Highland Park, Community

Green Bay Cycles is riding into the sunset

Owners set to retire and close 15-year-old shop at end of February

Green Bay Cycles is all about bicycles — but not only bicycles.

The friendly Winnetka shop is also all about community. Since 2010, the store has become a trusted and beloved pillar of the town’s Hubbard Woods neighborhood.

If it weren’t those things, who knows what would have happened a few years ago when a lost boy wandered down Green Bay Road. But because it is those things, the boy entered the bike shop.

“The fact that a child felt safe coming in here was huge,” said Pam Faulkner, who owns Green Bay Cycles with her husband, Larry. “It was not only ‘It’s a bike shop and they’ll be nice to me.’ No. He knew us. He knew this was a place he was going to be safe and we’d be able to help. It makes me a little teary.”

The child is among the thousands Green Bay Cycles has helped — though, rarely so dramatically — in its 15 years at 999 Green Bay Road, a run that will end when February does.

Pam and Larry Faulkner, of Highland Park, are retiring, a decision they announced to customers in November 2025. Pam said the couple had been on the lookout for an appropriate moment to exit, and with the current conditions of the business and the industry, now made sense.

Informing the couple’s timing: Costs to do business have risen, especially with new and unpredictable tariffs, she said, and the building that houses Green Bay Cycles is changing hands and the business’s lease is expiring in February.

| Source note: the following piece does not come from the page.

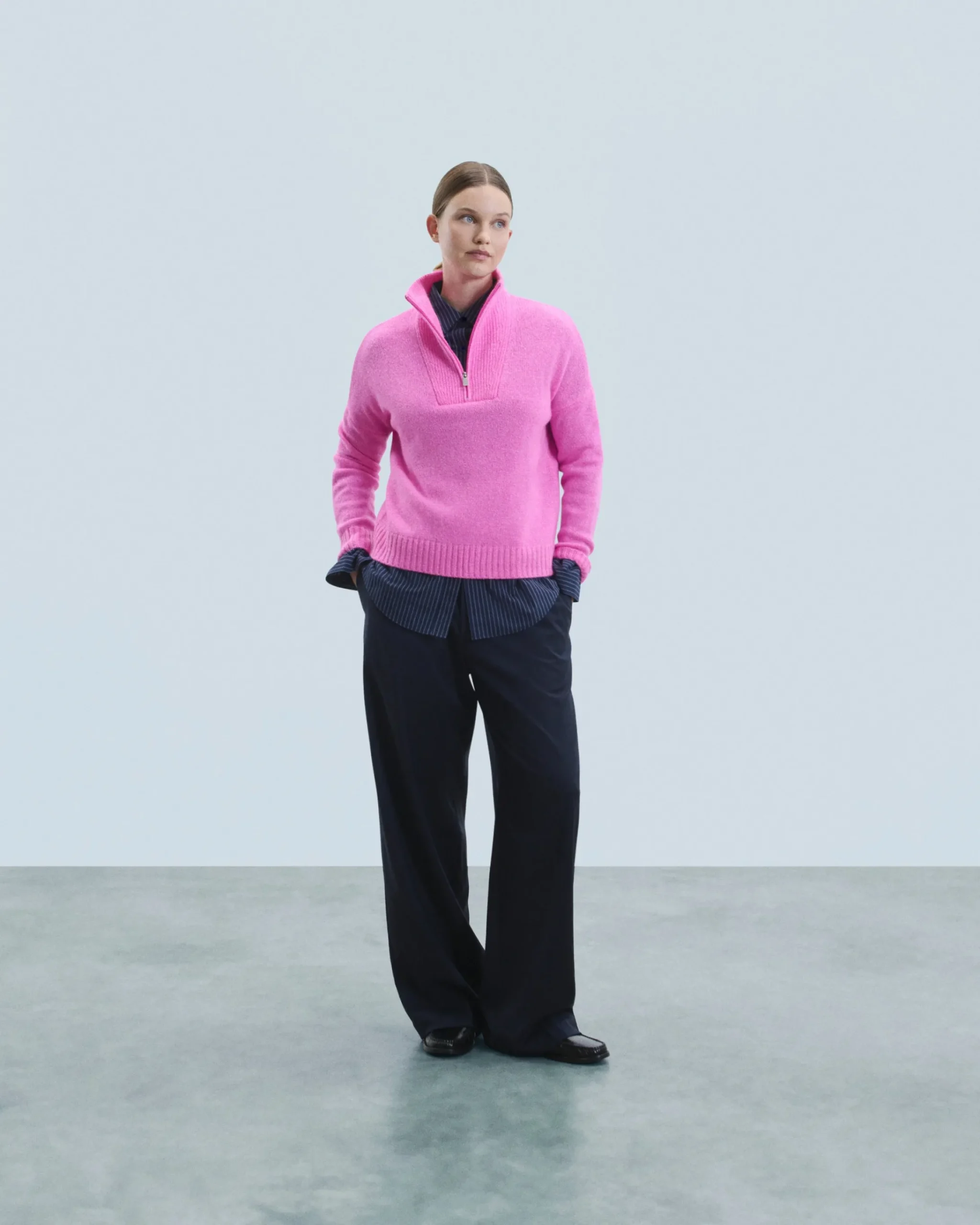 FROM FUTURE Maglione Collo alto con Zip Pesante Pink Hot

The primary guiding force, though, is the Faulkners want a happy and healthy next chapter.

“We wanted to do it before we were too old to do it,” Pam Faulkner said. “We want to be young enough to play with our grandkids, fish, travel, ride our bikes, and do those things often. We’ve worked hard all of our lives.”

Larry Faulkner, a U.S. Navy veteran, was stationed at Great Lakes Naval Base when he retired from service and he got a part-time job at Alberto’s Cycles in Winnetka.

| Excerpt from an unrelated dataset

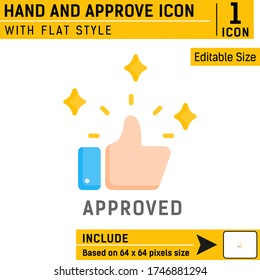Approved thumbs up hand icon.  Premium icon with flat style isolated on white background. Vector illustration design template for graphic, website, mobile app, logo, business, print and more. EPS file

Bike riding meant a lot to Larry and Pam, who had a job at JPMorgan Chase. So when the opportunity arose in 2010 to open a bike shop, they took a chance.

“We thought, ‘Wouldn’t it be wonderful to open a bike store,” Pam said. “… When we first opened, there were a number of different bike stores. What are we going to do that’s different? Larry’s response was, ‘We’re going to be nice to people.’

“We were intentional about wanting to be a bike shop that is a service to the community.”

From then on, Green Bay Cycles served the North Shore’s cycling community, from the professionals to the beginners, with everything from new bikes and parts to gear and tuneups.

It did not take long for Pam and Larry’s style to take in Winnetka, and business picked up — so much so that Pam had to leave her full-time job in 2019 to help at the shop.

Green Bay Cycles also regularly connected to the community. It sponsored youth baseball and softball teams and soon became the driver behind the town’s popular “bike rodeos,” an annual event that provides Winnetka grade-schoolers with bicycle safety tips, training and resources.

Green Bay Cycles also played a role in large community rides, like North Shore Century and Rock the Ride North Shore, a three-year-old charity ride that supports gun-violence prevention.

Rock the Ride is a national initiative but the local version is a collab between Pam Faulkner and U.S. Rep. Brad Schneider, one of Green Bay Cycles regulars.

“I’m sad that it is closing,” said Schneider, a lifelong cyclist. “(Pam and Larry) are two extraordinary people. … I love what they brought to what they do. You knew if you bought a bike from them it would not only be a piece of mechanical hardware but you’d be part of a bigger family.”

Living just down the street from Green Bay Cycles, Peter Eck felt that way too.

He purchased several children’s bikes from Green Bay Cycles and also has been in time and time again to service his bikes. He said he quickly befriended Larry and Pam and looked forward to stopping in the shop to say hi to and chat up his friends.

Eck said he’s excited for the Faulkners to move on to their next chapter and they “should be super proud of the business they ran.” But he added that Green Bay Cycles will leave a void in Winnetka and not just because of its bicycle service.

“What makes a vibrant downtown and familiar personal experience? It’s not having a bunch more chain stores. It’s the local bike shop, the coffee place, a couple key restaurants,” Eck said. “… How many business owners — if you think about the places you frequent — would you call your personal friends. With Pam and Larry, I would. I think that’s a neat thing.”

Green Bay Cycles’ inventory is on sale through the end of February, in person and online. The shop’s final day is Feb. 28.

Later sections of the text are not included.